Les sommes ainsi bloquées sont censées être acquises au Trésor au 1er juillet 2008 à moins que le déclarant ou son ayant droit ne démontre avoir satisfait à l’obligation d’investissement. La charge de la preuve repose donc sur le contribuable.
L’investissement dans les produits précités doit intervenir dans les 30 jours suivant la déclaration.
Modalités d’application du taux de 9 %
Le taux de pénalité de base est de 9 %. Il s’appliquera donc en cas d’absence de réinvestissement et, dans tous les cas, lorsque la déclaration porte sur des titres au porteur.
BASE DE CALCUL DE LA PÉNALITÉ
Une interprétation littérale de la loi permet de considérer que doivent uniquement faire l’objet de la déclaration les avoirs non déclarés qui auraient dû l’être.
Cela vise donc les revenus du patrimoine, les revenus professionnels et les actifs d’une succession, mais non les avoirs qui ne sont pas issus d’une infraction fiscale. En conséquence, en cas d’absence d’imposition des revenus générés par des avoirs acquis « légitimement », la contribution unique de 9 % ou 6 % ne devrait s’appliquer que sur les revenus et non sur le principal.

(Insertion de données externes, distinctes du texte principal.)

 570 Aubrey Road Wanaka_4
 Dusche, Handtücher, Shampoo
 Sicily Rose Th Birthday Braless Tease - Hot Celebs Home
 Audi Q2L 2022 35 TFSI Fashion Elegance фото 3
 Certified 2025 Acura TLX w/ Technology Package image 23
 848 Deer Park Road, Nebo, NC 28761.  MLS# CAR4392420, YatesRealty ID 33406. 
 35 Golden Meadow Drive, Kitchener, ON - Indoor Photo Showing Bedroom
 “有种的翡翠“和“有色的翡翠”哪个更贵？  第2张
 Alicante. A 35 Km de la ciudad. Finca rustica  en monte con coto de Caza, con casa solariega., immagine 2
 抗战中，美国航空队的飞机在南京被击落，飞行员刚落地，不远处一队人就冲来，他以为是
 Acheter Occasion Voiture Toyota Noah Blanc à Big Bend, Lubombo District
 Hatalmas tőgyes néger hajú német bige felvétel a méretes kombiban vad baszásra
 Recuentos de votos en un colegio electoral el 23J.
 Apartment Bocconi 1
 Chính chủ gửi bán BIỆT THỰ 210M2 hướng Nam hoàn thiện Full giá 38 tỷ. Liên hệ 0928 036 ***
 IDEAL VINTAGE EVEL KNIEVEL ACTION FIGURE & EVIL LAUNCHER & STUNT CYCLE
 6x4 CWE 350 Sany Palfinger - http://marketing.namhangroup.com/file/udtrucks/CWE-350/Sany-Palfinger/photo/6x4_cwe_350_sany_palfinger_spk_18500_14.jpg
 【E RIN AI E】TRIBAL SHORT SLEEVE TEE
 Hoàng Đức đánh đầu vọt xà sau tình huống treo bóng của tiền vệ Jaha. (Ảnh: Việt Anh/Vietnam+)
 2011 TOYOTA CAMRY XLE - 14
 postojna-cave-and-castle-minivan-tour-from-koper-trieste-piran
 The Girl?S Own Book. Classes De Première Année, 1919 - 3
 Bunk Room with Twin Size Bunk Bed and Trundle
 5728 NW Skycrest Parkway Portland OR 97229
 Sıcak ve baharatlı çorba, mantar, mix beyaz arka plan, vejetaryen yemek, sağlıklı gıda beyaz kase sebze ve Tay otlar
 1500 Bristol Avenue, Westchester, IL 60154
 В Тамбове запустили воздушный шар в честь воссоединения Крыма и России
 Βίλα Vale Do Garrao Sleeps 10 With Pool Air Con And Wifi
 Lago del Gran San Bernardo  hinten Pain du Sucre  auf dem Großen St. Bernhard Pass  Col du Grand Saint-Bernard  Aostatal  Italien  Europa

La question se complique lorsque le contribuable a acquis des avoirs avec des revenus non déclarés, mais dont l’imposition est à présent prescrite. Faut-il alors déclarer les avoirs issus des revenus non déclarés ou également les avoirs acquis à l’origine ? La loi ne mentionne aucune limite dans le temps concernant les avoirs à déclarer. Il est donc à craindre que ces avoirs acquis avec des revenus non déclarés doivent être déclarés et être compris dans la base de calcul de la contribution unique.
MODALITÉS PRATIQUES DU RAPATRIEMENT
Les établissements de crédit et les sociétés de bourse jouent un rôle particulièrement déterminant.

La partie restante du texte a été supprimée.